Proof. Find an orthonormal basis $\{e_n\}_n$ for $H$ (the existence of bases relies only on Graham-Schmidt and hence works on any inner-product space).
As usual we may then use $\{e_n\}_n$ to view $H$ as a subspace of $\ell ^2$ containing the compactly supported sequences.
If $H$ is not complete, then $H\subsetneq \ell ^2$, so we may pick a vector $\xi \in \ell ^2\setminus H$. It is then obvious that $$ K:= H\cap \{\xi \}^\perp $$ is a proper closed subspace of $H$, and I claim that the orthogonal complement of $K$ within $H$ coincides with $\{0\}$. In other words, we claim that $$ K^\perp\cap H=\{0\}. $$
To see this, suppose by contradiction that $\eta $ is a nonzero vector in $K^\perp\cap H$.

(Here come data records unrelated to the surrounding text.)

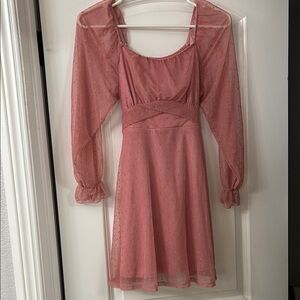 Chic Long Sleeve Pink Dress
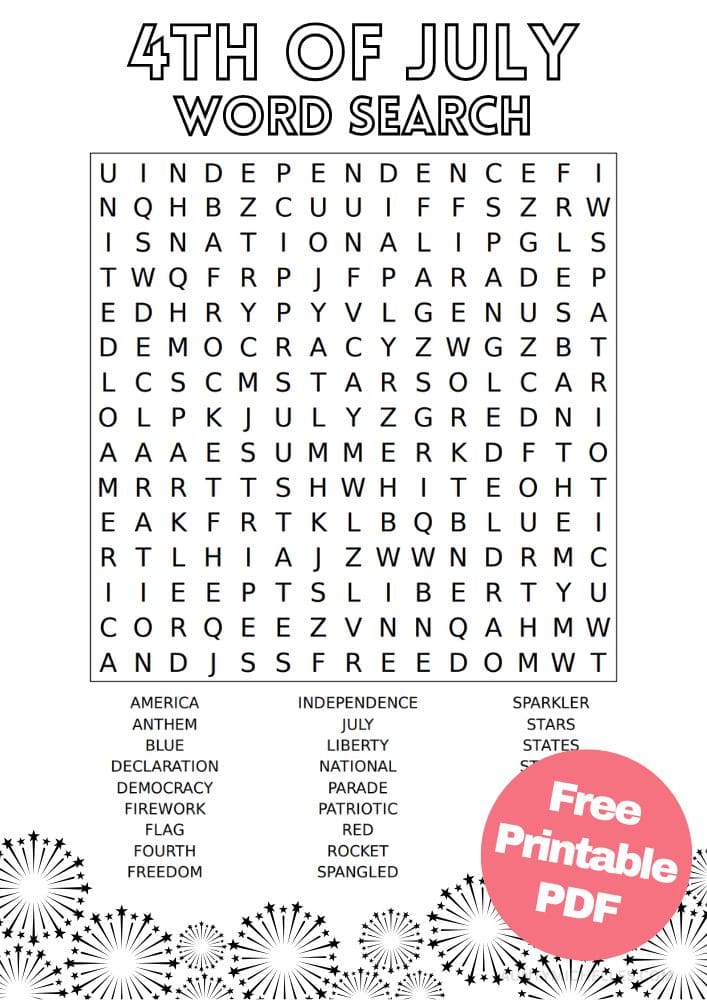 Free Printable 4th of July Worksheets for Kids Fourth United States of America USA Independence Day Word Search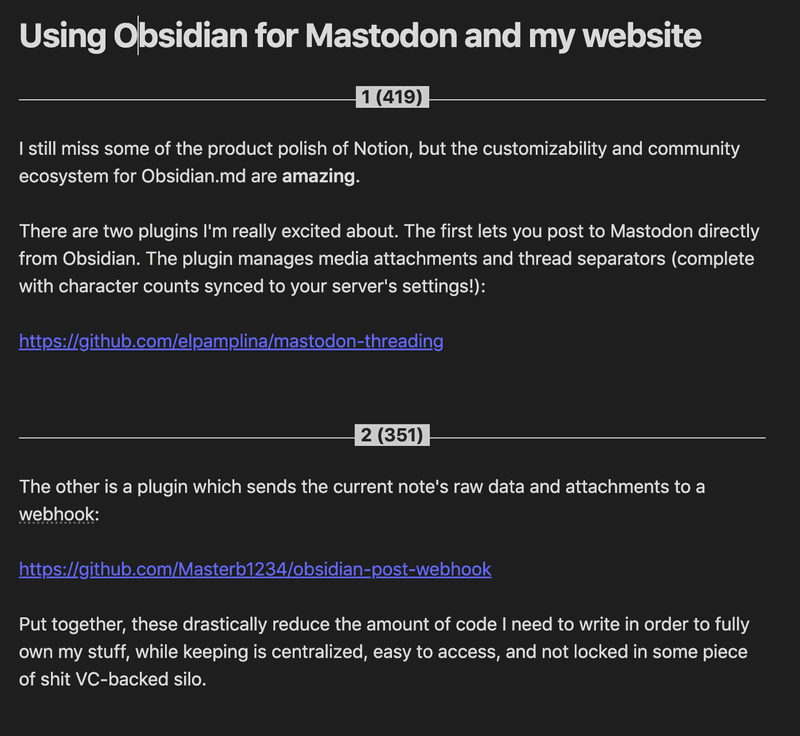 using obsidian for mastodon and my website screenshot of obsidian mastodon post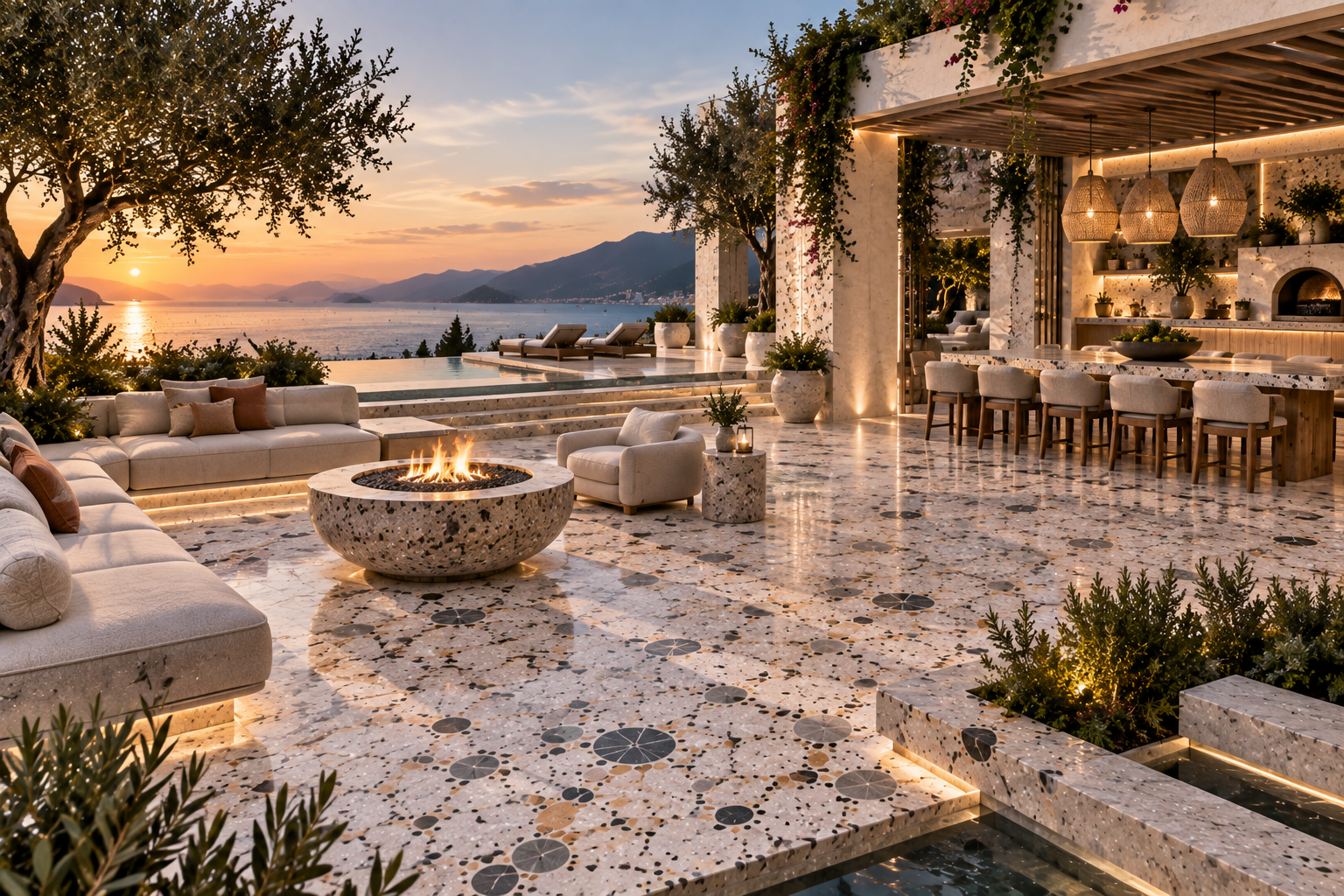 Custom terrazzo patio featuring terrazzo flooring, terrazzo aggregate, terrazzo stone chips, and a polished terrazzo finish by Mr. Marble and Stone in Vancouver and Los Angeles.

Fix any $m$ such that $\langle e_m, \xi \rangle \not=0$, and for every $n$ consider the vector $$ u_n = e_n - \frac{\langle e_n, \xi \rangle }{\langle e_m, \xi \rangle }e_m. $$ Observing that $\langle u_n, \xi \rangle =0$, we see that $u_n\in K$, so $$ 0 = \langle u_n, \eta \rangle = \langle e_n, \eta \rangle - \frac{\langle e_n, \xi \rangle }{\langle e_m, \xi \rangle }\langle e_m, \eta \rangle , $$ hence $$ \langle e_n, \eta \rangle = \frac{\langle e_n, \xi \rangle }{\langle e_m, \xi \rangle }\langle e_m, \eta \rangle = \langle e_n, \xi \rangle \frac{\langle e_m, \eta \rangle }{\langle e_m, \xi \rangle }. $$ Since $m$ is fixed we see that the coefficients of $\eta $ and $\xi $ are proportional, meaning that also $\eta $ and $\xi $ themselves are proportional, but this is a contradiction because $\eta $ lies in $H$ and $\xi $ does not.